### [ABOUT THIS TASK]
Give back the whole listing exactly as written, pictures excluded.

=-=-=

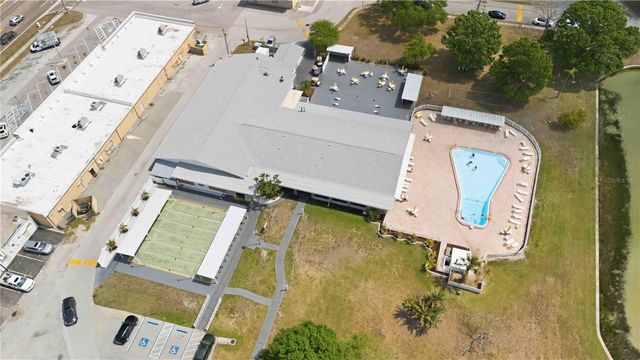 6000 20TH STREET N 144, St Petersburg, FL 33714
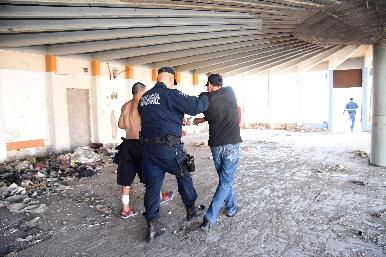 Levantan más de media tonelada de basura de dos predios abandonados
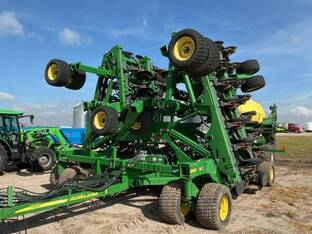 2015 John Deere 1890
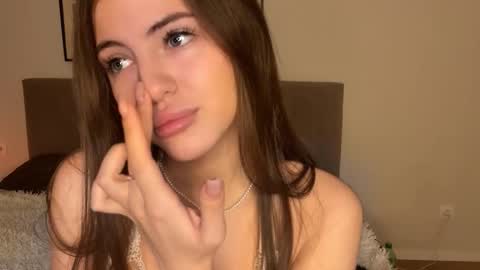 arya online show from 8, 11, 2025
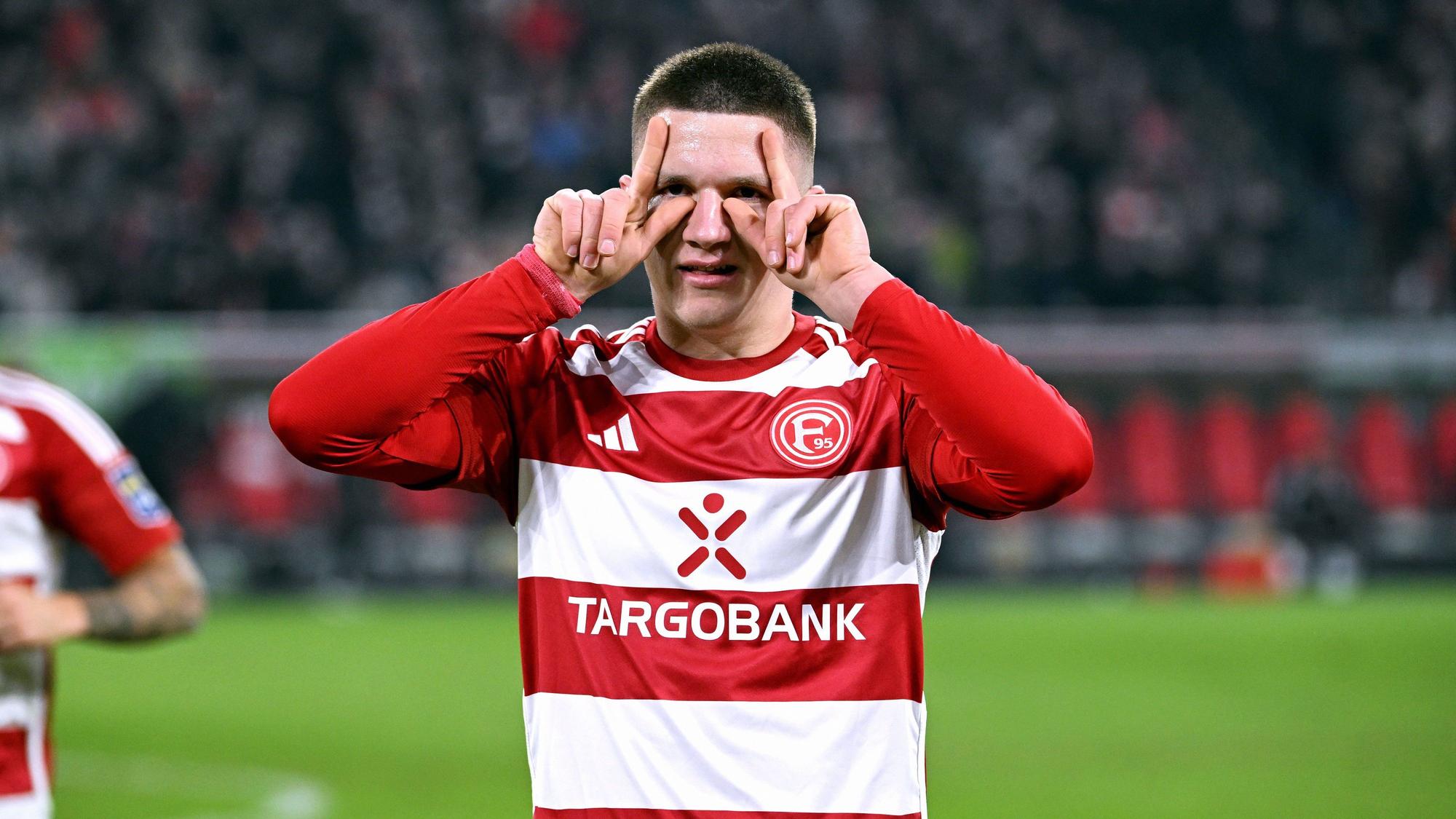 Christos Tzolis beim Torjubel.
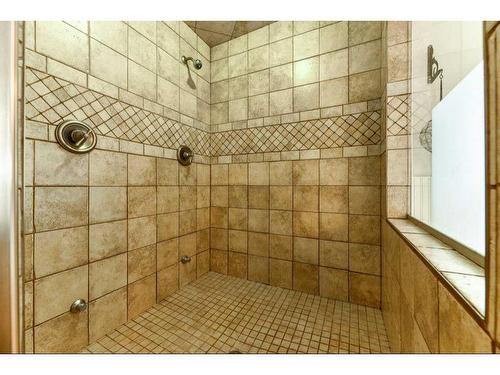 692 West Chestermere Drive, Chestermere, AB - Indoor Photo Showing Bathroom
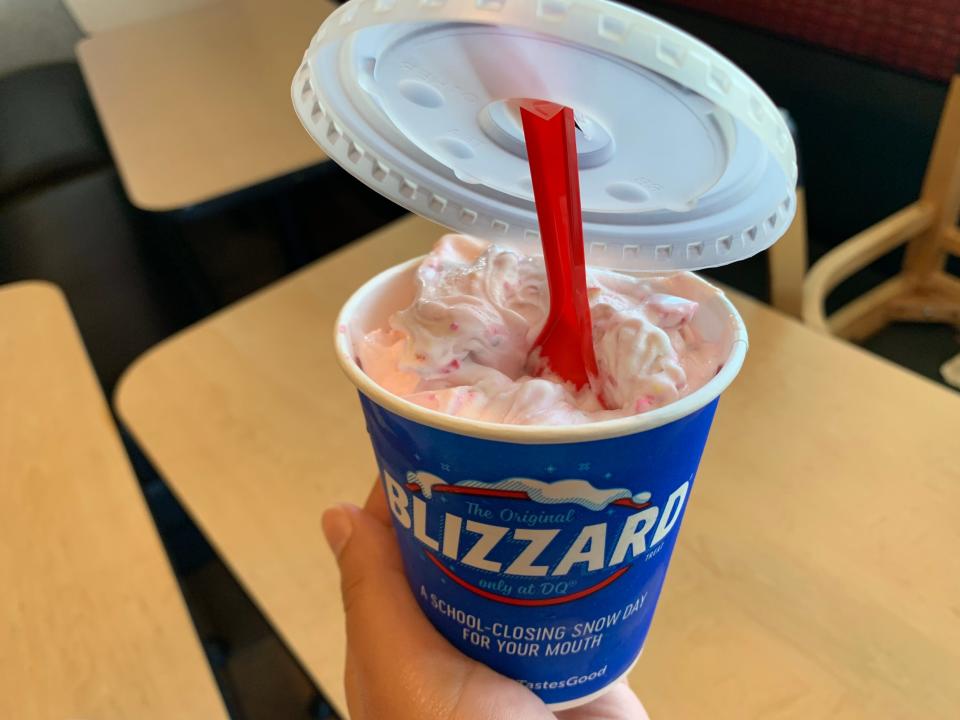 frosted animal cookie blizzard dairy queen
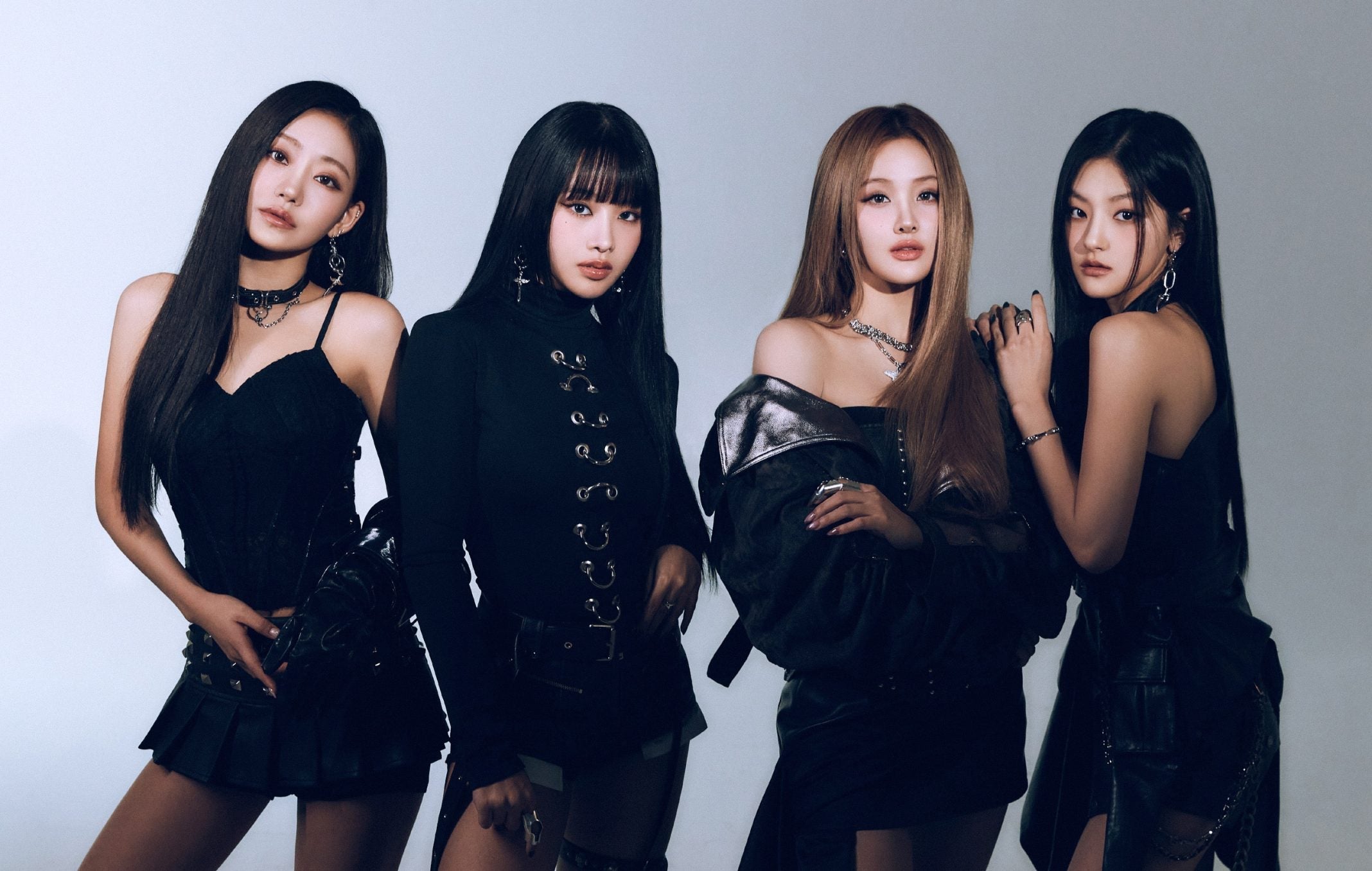 Kiss of Life Merch – Albums, Photocards, Lightsticks, Shirts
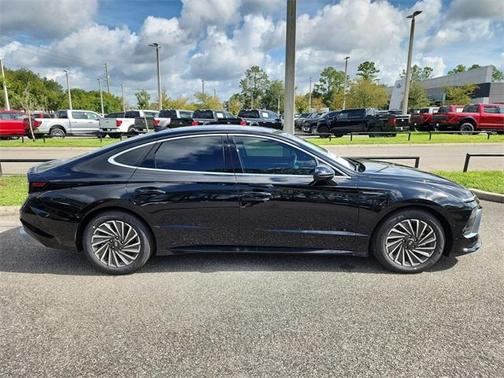 2025 Hyundai SONATA Hybrid Limited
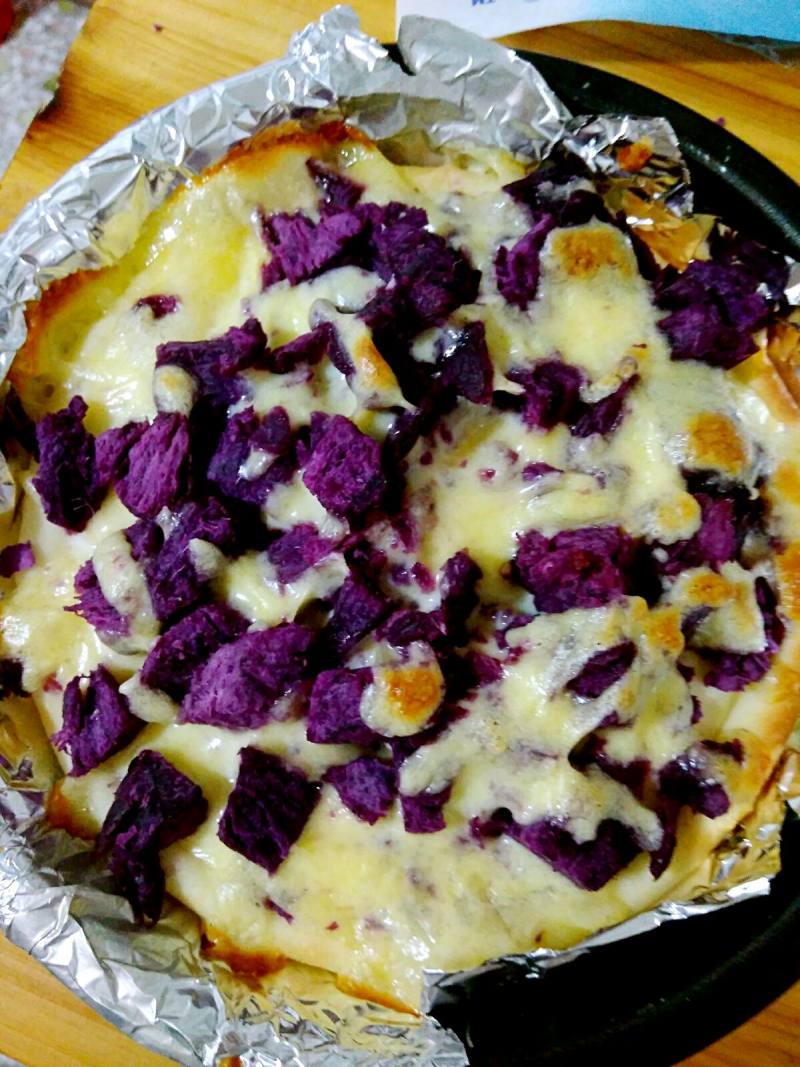 Steps for Making Purple Sweet Potato Pizza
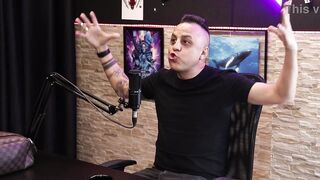 Sexy ebony woman gets lustful by remembering the day that babe was eaten in the street and shows her hawt booty - Freddy, O Rei do Dogging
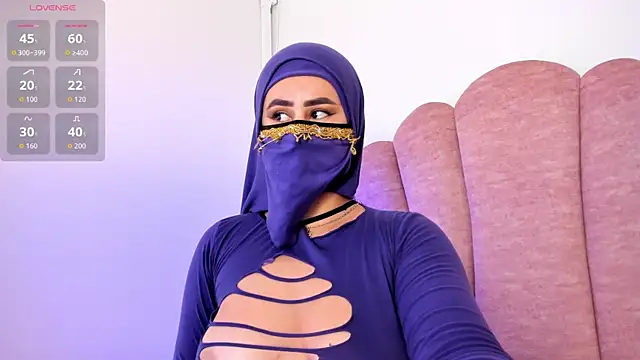 Snapshot of halabi_saha chatting on October 15, 12:41 pm halabi saha online show from October 15, 12:41 pm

=-=-=

### [ANSWER TO THE EXERCISE]
 6000 20TH STREET N 144, St Petersburg, FL 33714
 Levantan más de media tonelada de basura de dos predios abandonados
 2015 John Deere 1890
 arya online show from 8, 11, 2025
 Christos Tzolis beim Torjubel.
 692 West Chestermere Drive, Chestermere, AB - Indoor Photo Showing Bathroom
 frosted animal cookie blizzard dairy queen
 Kiss of Life Merch – Albums, Photocards, Lightsticks, Shirts
 2025 Hyundai SONATA Hybrid Limited
 Steps for Making Purple Sweet Potato Pizza
 Sexy ebony woman gets lustful by remembering the day that babe was eaten in the street and shows her hawt booty - Freddy, O Rei do Dogging
 Snapshot of halabi_saha chatting on October 15, 12:41 pm halabi saha online show from October 15, 12:41 pm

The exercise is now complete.